**WHAT TO DO**
Give the records back in full, exactly as they read.

====================

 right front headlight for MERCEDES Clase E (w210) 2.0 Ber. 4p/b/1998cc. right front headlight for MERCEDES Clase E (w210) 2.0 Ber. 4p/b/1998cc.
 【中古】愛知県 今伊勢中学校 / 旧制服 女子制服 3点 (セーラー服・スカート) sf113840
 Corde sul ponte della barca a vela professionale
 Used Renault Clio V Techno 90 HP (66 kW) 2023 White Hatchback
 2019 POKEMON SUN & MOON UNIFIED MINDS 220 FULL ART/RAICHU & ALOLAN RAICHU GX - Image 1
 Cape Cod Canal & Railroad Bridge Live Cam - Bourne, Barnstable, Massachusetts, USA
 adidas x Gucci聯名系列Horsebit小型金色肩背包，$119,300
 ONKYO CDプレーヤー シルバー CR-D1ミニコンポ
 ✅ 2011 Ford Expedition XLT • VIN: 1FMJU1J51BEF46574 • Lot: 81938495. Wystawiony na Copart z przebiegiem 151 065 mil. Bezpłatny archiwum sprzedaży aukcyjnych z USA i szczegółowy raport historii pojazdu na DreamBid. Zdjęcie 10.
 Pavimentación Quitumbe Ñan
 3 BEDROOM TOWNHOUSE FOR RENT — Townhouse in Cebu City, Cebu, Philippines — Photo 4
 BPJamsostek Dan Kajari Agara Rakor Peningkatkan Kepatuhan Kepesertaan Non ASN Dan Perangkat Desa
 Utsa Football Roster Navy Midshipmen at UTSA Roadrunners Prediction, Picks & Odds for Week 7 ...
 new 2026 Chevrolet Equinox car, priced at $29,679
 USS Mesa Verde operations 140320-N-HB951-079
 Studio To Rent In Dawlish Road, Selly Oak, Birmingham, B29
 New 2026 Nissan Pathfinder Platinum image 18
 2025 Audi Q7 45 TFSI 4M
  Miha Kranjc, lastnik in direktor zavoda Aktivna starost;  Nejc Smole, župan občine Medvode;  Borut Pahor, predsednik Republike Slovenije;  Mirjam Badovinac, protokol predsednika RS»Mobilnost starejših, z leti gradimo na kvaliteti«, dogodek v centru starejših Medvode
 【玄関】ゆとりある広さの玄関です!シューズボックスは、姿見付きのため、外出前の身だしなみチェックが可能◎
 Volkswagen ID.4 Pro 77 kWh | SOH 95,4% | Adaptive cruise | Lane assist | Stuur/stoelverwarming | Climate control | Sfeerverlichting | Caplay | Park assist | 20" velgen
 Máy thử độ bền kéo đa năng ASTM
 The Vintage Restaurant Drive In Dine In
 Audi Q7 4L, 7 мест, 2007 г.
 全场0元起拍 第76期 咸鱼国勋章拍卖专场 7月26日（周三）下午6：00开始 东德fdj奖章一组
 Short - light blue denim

====================

**RESPONSE FOR THIS EXERCISE**
 right front headlight for MERCEDES Clase E (w210) 2.0 Ber. 4p/b/1998cc. right front headlight for MERCEDES Clase E (w210) 2.0 Ber. 4p/b/1998cc.
 【中古】愛知県 今伊勢中学校 / 旧制服 女子制服 3点 (セーラー服・スカート) sf113840
 Corde sul ponte della barca a vela professionale
 Used Renault Clio V Techno 90 HP (66 kW) 2023 White Hatchback
 2019 POKEMON SUN & MOON UNIFIED MINDS 220 FULL ART/RAICHU & ALOLAN RAICHU GX - Image 1
 Cape Cod Canal & Railroad Bridge Live Cam - Bourne, Barnstable, Massachusetts, USA
 adidas x Gucci聯名系列Horsebit小型金色肩背包，$119,300
 ONKYO CDプレーヤー シルバー CR-D1ミニコンポ
 ✅ 2011 Ford Expedition XLT • VIN: 1FMJU1J51BEF46574 • Lot: 81938495. Wystawiony na Copart z przebiegiem 151 065 mil. Bezpłatny archiwum sprzedaży aukcyjnych z USA i szczegółowy raport historii pojazdu na DreamBid. Zdjęcie 10.
 Pavimentación Quitumbe Ñan
 3 BEDROOM TOWNHOUSE FOR RENT — Townhouse in Cebu City, Cebu, Philippines — Photo 4
 BPJamsostek Dan Kajari Agara Rakor Peningkatkan Kepatuhan Kepesertaan Non ASN Dan Perangkat Desa
 Utsa Football Roster Navy Midshipmen at UTSA Roadrunners Prediction, Picks & Odds for Week 7 ...
 new 2026 Chevrolet Equinox car, priced at $29,679
 USS Mesa Verde operations 140320-N-HB951-079
 Studio To Rent In Dawlish Road, Selly Oak, Birmingham, B29
 New 2026 Nissan Pathfinder Platinum image 18
 2025 Audi Q7 45 TFSI 4M
  Miha Kranjc, lastnik in direktor zavoda Aktivna starost;  Nejc Smole, župan občine Medvode;  Borut Pahor, predsednik Republike Slovenije;  Mirjam Badovinac, protokol predsednika RS»Mobilnost starejših, z leti gradimo na kvaliteti«, dogodek v centru starejših Medvode
 【玄関】ゆとりある広さの玄関です!シューズボックスは、姿見付きのため、外出前の身だしなみチェックが可能◎
 Volkswagen ID.4 Pro 77 kWh | SOH 95,4% | Adaptive cruise | Lane assist | Stuur/stoelverwarming | Climate control | Sfeerverlichting | Caplay | Park assist | 20" velgen
 Máy thử độ bền kéo đa năng ASTM
 The Vintage Restaurant Drive In Dine In
 Audi Q7 4L, 7 мест, 2007 г.
 全场0元起拍 第76期 咸鱼国勋章拍卖专场 7月26日（周三）下午6：00开始 东德fdj奖章一组
 Short - light blue denim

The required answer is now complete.